── SOURCE DATA ──

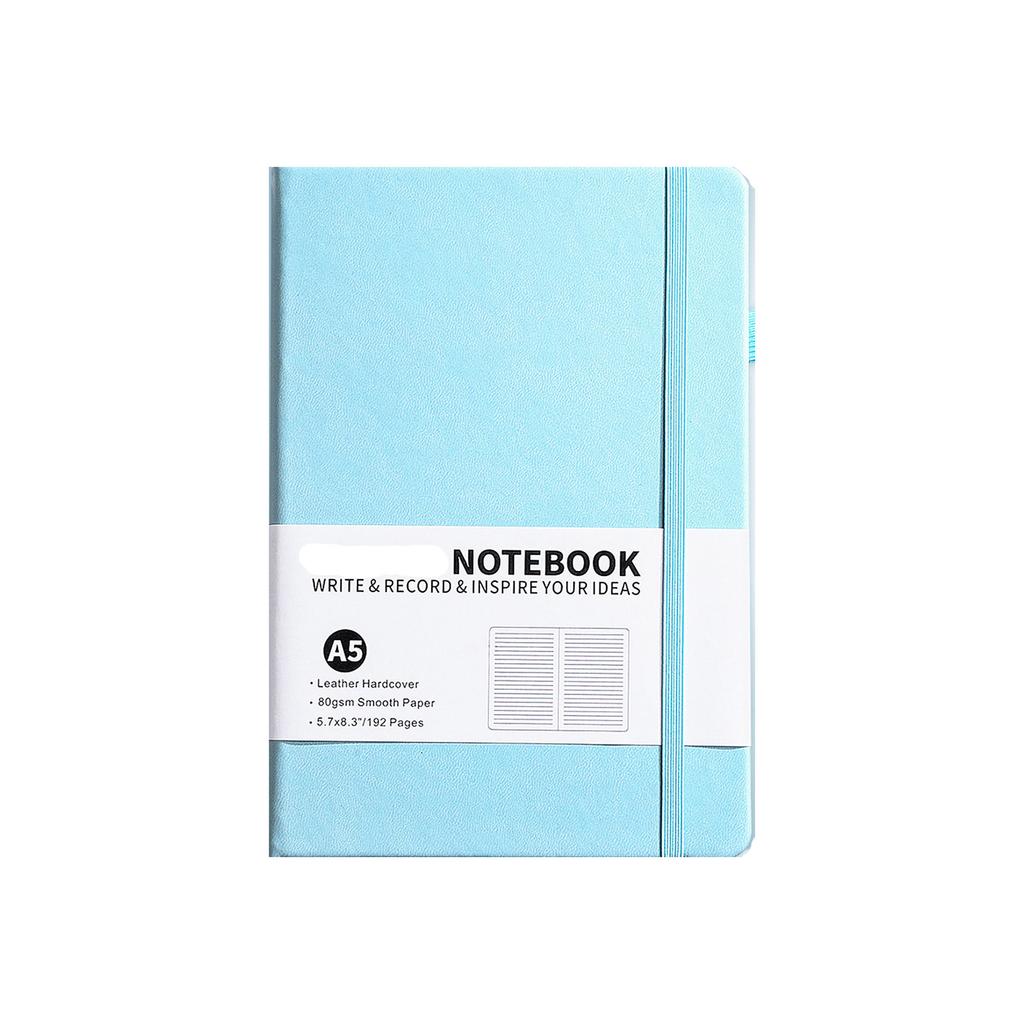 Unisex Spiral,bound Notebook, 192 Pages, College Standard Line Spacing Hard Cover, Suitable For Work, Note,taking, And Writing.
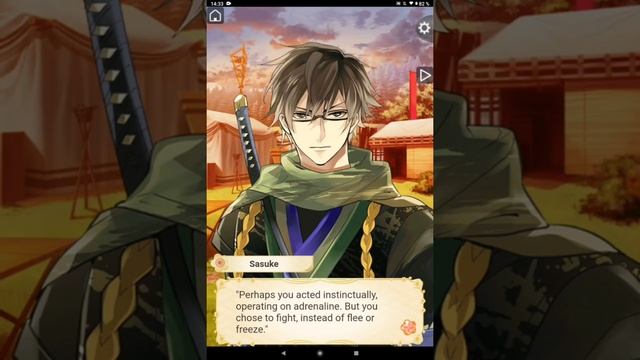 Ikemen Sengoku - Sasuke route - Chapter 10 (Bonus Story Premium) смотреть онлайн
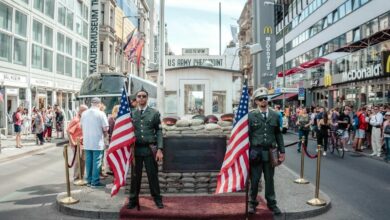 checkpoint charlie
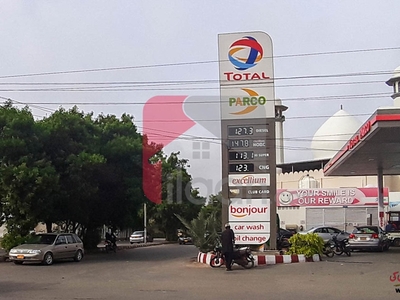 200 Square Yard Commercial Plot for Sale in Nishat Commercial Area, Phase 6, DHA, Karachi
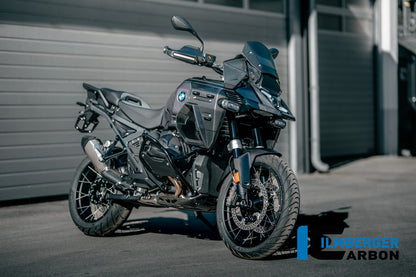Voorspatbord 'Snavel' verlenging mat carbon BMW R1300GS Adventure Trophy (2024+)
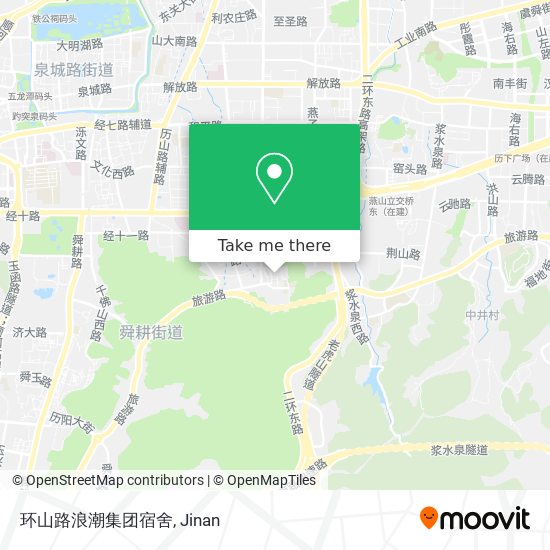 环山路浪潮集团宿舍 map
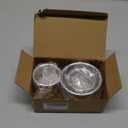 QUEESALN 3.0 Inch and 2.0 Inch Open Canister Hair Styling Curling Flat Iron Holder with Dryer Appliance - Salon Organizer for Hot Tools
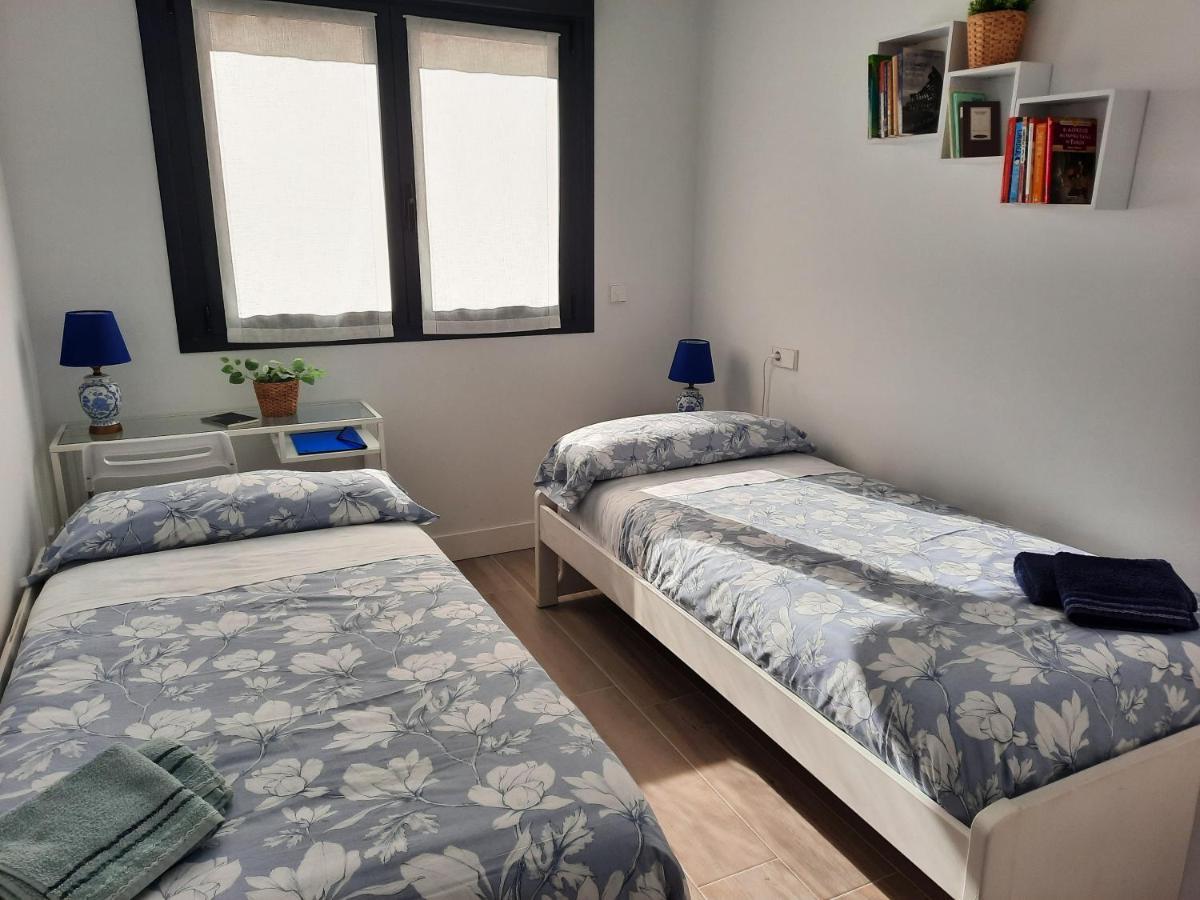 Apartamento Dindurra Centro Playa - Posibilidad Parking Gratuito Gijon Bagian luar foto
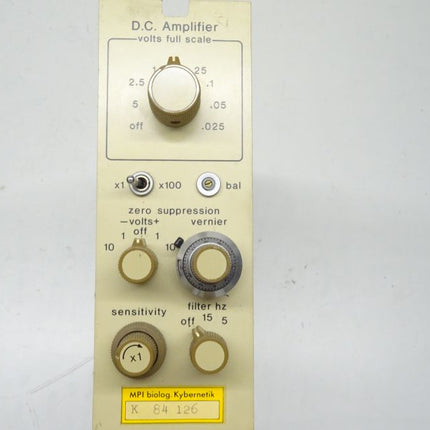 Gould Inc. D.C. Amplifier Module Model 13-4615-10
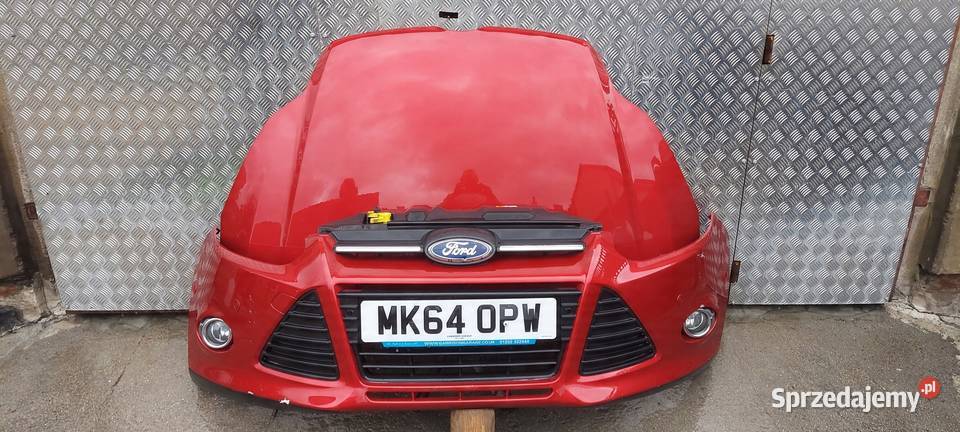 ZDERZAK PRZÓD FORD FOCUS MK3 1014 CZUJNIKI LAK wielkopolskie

───
── SOURCE DATA ──

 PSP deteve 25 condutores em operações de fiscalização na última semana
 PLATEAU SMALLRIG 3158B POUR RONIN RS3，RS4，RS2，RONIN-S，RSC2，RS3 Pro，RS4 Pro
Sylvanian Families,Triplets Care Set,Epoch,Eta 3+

───

WHAT YOU NEED TO DO: Could you write out, exactly as they stand, only the lines above that begin at the line with "PLATEAU SMALLRIG 3158B" and stop after the line with "Sylvanian Families,Triplets Care"?

RESULT OF THIS EXERCISE:
 PLATEAU SMALLRIG 3158B POUR RONIN RS3，RS4，RS2，RONIN-S，RSC2，RS3 Pro，RS4 Pro
Sylvanian Families,Triplets Care Set,Epoch,Eta 3+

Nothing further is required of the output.